Il monopolio, che è lo strumento che per eccellenza ha consentito al capitalismo il contenimento della caduta del saggio medio del profitto, esaurita la fase dell'espansione iniziale, ripropone la contraddizione fondamentale del processo di accumulazione del capitale in una dimensione nuova e senza alternative poiché oltre il monopolio (monopolistico è anche il capitalismo di Stato) non vi può essere che il socialismo o un lento ma inesorabile declino dell'intera società. La ricerca dell'extra-profitto è stata per un certo periodo di tempo lo strumento che ha consentito di contenere, nell'ambito dei rapporti di produzione borghesi, il poderoso sviluppo delle forze produttive dell'ultimo secolo, ma queste, sviluppandosi, hanno anche imposto la generalizzazione del monopolio che alla fine ha generato un tessuto economico dove l'acquisizione di extra-profitto si è resa sempre più difficoltosa. La ricomposizione del campo di raccolta del plusvalore che, periodicamente, si rende necessaria, passa, ormai, solo attraverso la sistematica distruzione delle forze produttive eccedenti.

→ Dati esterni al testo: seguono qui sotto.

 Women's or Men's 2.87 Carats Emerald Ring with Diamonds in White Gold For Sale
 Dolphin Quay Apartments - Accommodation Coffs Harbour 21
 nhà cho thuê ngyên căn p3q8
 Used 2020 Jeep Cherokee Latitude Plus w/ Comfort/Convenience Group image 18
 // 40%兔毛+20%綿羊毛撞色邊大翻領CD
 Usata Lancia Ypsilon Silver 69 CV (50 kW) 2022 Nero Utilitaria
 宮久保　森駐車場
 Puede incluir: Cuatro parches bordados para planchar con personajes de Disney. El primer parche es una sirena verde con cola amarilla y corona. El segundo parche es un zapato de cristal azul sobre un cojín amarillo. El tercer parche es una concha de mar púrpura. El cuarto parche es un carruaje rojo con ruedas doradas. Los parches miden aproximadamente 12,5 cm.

La ristrutturazione dell'apparato produttivo

Perché vi possa essere appropriazione di plusvalore, anche se parassitaria, è necessario che, comunque, esso venga estorto. Il meccanismo di appropriazione monopolistica ha avuto successo per tutta una fase storica, perché ad esso, comunque, si è accompagnata la crescita vertiginosa della produttività del lavoro, insieme all'espansione della base produttiva. Anzi, possiamo dire che non avremmo avuto la grande industria e la produzione su vasta scala senza il capitalismo monopolistico. La moderna industria non si sarebbe mai sviluppata permanendo il tessuto economico liberoscambista. Per la grande impresa monopolistica accrescere la produttività del lavoro è vitale. Soltanto producendo merci più competitive essa può compensare i suoi saggi di profitto tendenzialmente più bassi. La crisi, dunque, non poteva non accelerare le spinte verso un accrescimento della produttività del lavoro. Ma qui si è subito manifestata la prima grande differenza fra l'attuale crisi e quelle analoghe degli anni trenta, degli ultimi anni del secolo scorso e i primi di questo. Sia la prima che la seconda crisi giunsero in uno stadio dello sviluppo delle forze produttive del tutto particolare. Vi erano settori nascenti (quello chimico e quello automobilistico) che faticavano a decollare in un contesto economico dominato ancora dall'impresa piccola e media. Le due crisi, accelerando la concentrazione, ne favorirono lo sviluppo e con esso lo sviluppo di tutte le attività industriali. Le grandi emigrazioni di lavoratori dei primi del '900 e fino a tutti gli anni sessanta dai luoghi dove era predominante l'economia agricola verso le grandi metropoli industrializzate, danno la misura di quanto imponente sia stato questo sviluppo, se si tiene conto anche che in alcuni settori, negli ultimi 70 anni, si sono verificate crescite di produttività da 1 a 2000, e la giornata lavorativa si è ridotta mediamente, rispetto alla fine del secolo scorso e i primi del novecento, di sole 6 ore circa, dove l'ultima riduzione da 48 a 40 ore settimanali ha avuto luogo in modo compiuto meno di 10 anni fa. Il capitalismo ha vissuto sì le due crisi precedenti in modo drammatico, ma aveva di fronte a sé ancora margini sufficientemente ampi in cui ipotizzare un ulteriore sviluppo se pure in un quadro generale di decadenza.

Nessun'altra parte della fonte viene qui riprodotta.